### Provided data
···

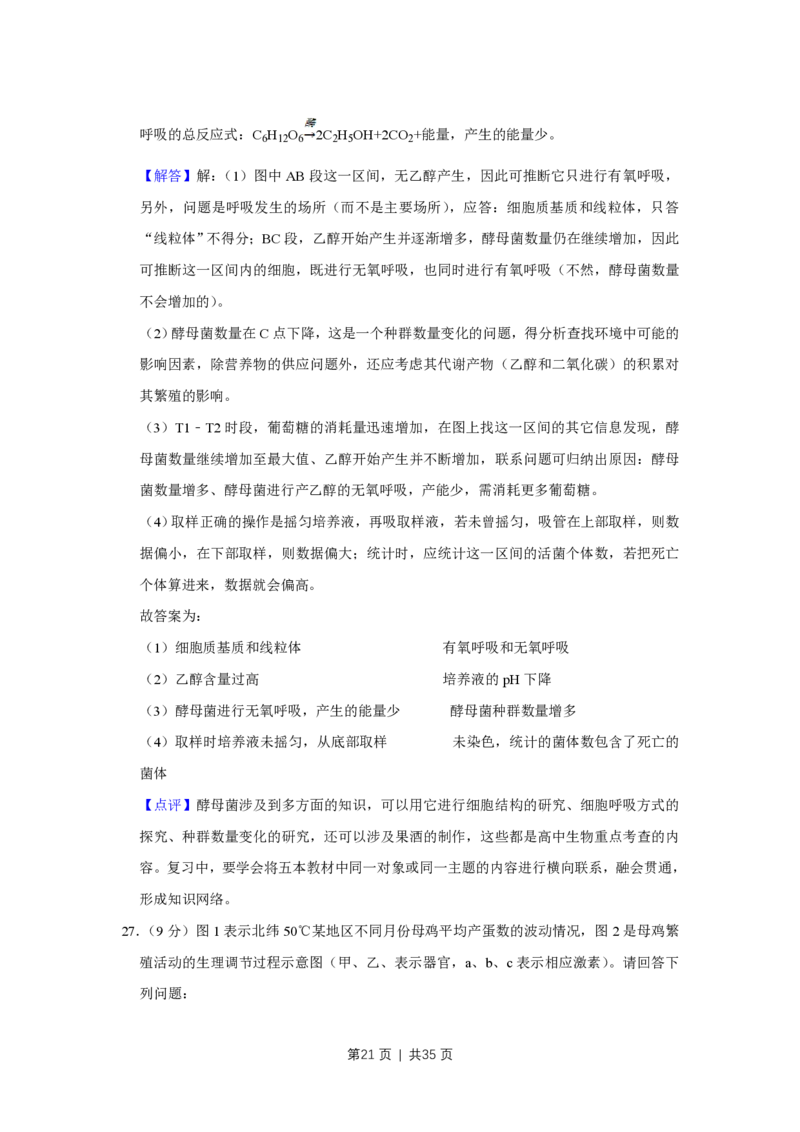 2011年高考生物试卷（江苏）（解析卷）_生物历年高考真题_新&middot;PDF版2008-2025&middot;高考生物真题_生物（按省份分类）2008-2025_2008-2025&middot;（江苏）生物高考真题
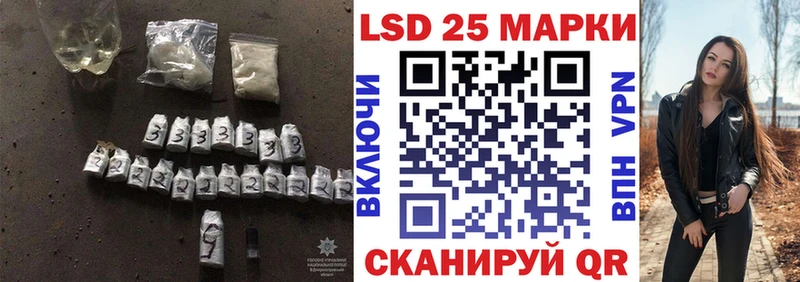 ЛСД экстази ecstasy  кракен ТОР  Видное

···

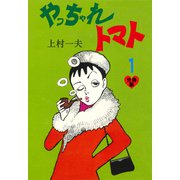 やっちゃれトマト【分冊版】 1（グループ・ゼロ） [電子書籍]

···

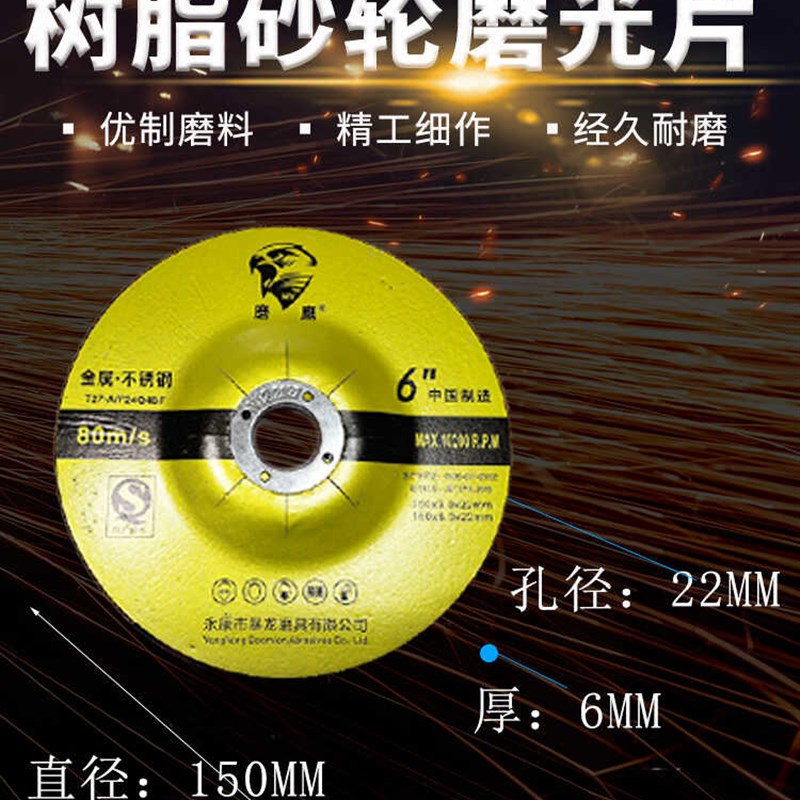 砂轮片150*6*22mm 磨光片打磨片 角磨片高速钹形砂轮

···

### What to do
An exact copy of the lines above from the one with "2011年高考生物试卷（江苏" up to and including the one with "ЛСД экстази ecstasy" is required; reproduce only those lines, omitting all pictures.

### Written answer
 2011年高考生物试卷（江苏）（解析卷）_生物历年高考真题_新&middot;PDF版2008-2025&middot;高考生物真题_生物（按省份分类）2008-2025_2008-2025&middot;（江苏）生物高考真题
 ЛСД экстази ecstasy  кракен ТОР  Видное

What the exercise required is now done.